6098 sayılı Borçlar Kanunu'nun 420. maddesinde iş sözleşmesinin sona ermesinden bir ay içinde yapılan sözleşmelere geçerlilik tanınmayacağı bildirilmiştir. Aynı maddede alacağın bir kısmının ödenmesi şartına bağlı ibra sözleşmeleri (ivazlı ibra) ancak ödemenin banka kanalıyla yapılmış olması halinde geçerli sayılmıştır.
İş sözleşmesi her ne şekilde sona ererse ersin (geçerli neden, haklı neden, istifa, evlilik, emeklilik vb.) ibraname düzenlenmesi için feshi izleyen bir aylık sürenin beklenmesi gerekir. Bir aylık bekleme süresi kısmi ibra açısından işçinin bir kısım işçilik alacaklarının ödenmesinin bir ay süreyle gecikmesi anlamına gelse de bu durum temelde işçi yararınadır.
6098 sayılı Borçlar Kanunu'nun 420. maddesinde işverence yapılacak olan ödemelerin banka yoluyla yapılması zorunluluğunun getirilmesi de ödemeye dair ispat sorunlarını ortadan kaldıracaktır. 01.07.2012 tarihinden sonra düzenlenecek ibranamelerin geçerliliği Borçlar Kanunu'nun 420. maddesi "İşçinin işverenden alacağına ilişkin ibra sözleşmesinin yazılı olması, ibra tarihi itibarıyla sözleşmenin sona ermesinden başlayarak en az bir aylık sürenin geçmiş bulunması, ibra konusu alacağın türünün ve miktarının açıkça belirtilmesi, ödemenin hak tutarına nazaran noksansız ve banka aracılığıyla yapılması şarttır. Bu unsurları taşımayan ibra sözleşmeleri veya ibraname kesin olarak hükümsüzdür." hükmüne göre buna aykırı ibra sözleşmeleri geçersiz sayılacaktır.

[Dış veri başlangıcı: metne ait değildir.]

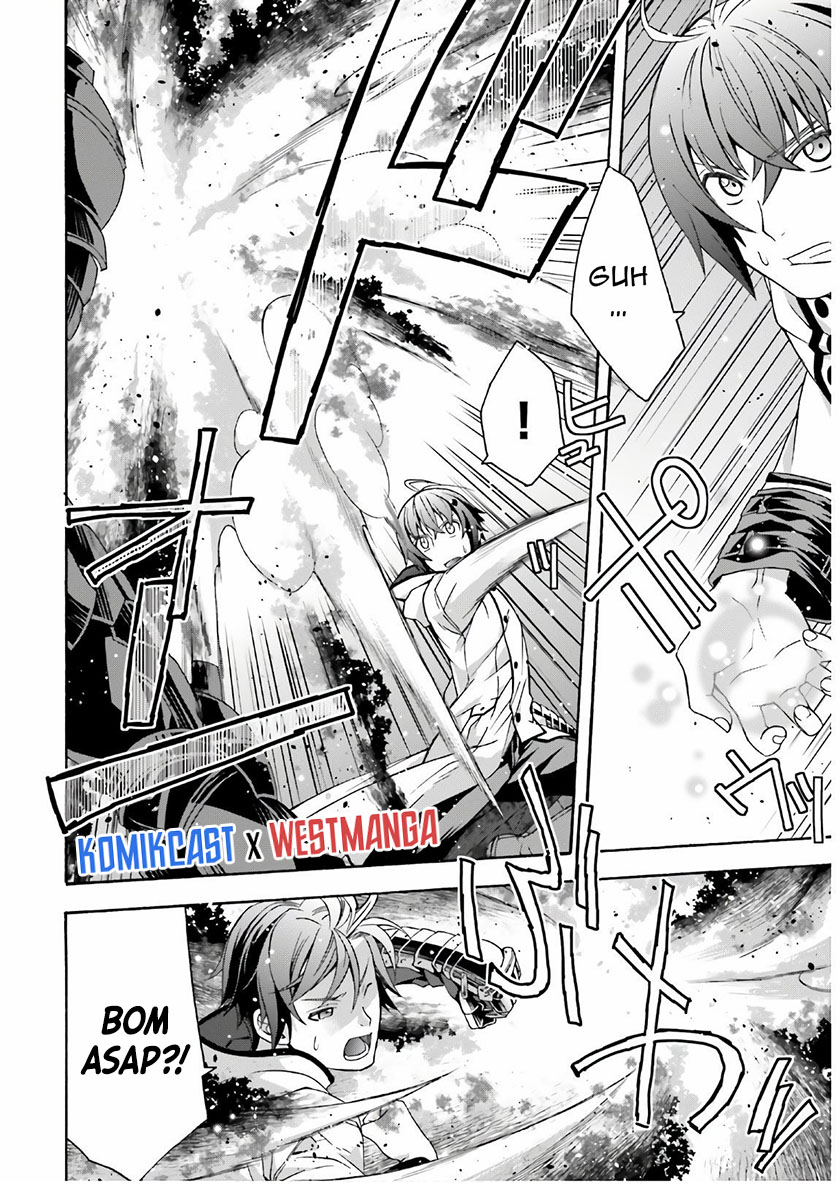 Chapter 35 - halaman 16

İbranamenin geçerli olup olmadığı 01.07.2012 tarihine kadar yürürlükte olan 818 sayılı Borçlar Kanunu'nun irade fesadını düzenleyen 23-31. maddeleri yönünden değerlendirilmelidir.
İbra sözleşmesi yapılırken taraflardan birinin esaslı hataya düşmesi, diğer tarafın veya üçüncü şahsın hile ya da korkutmasıyla karşılaşması halinde ibra iradesine değer verilemez.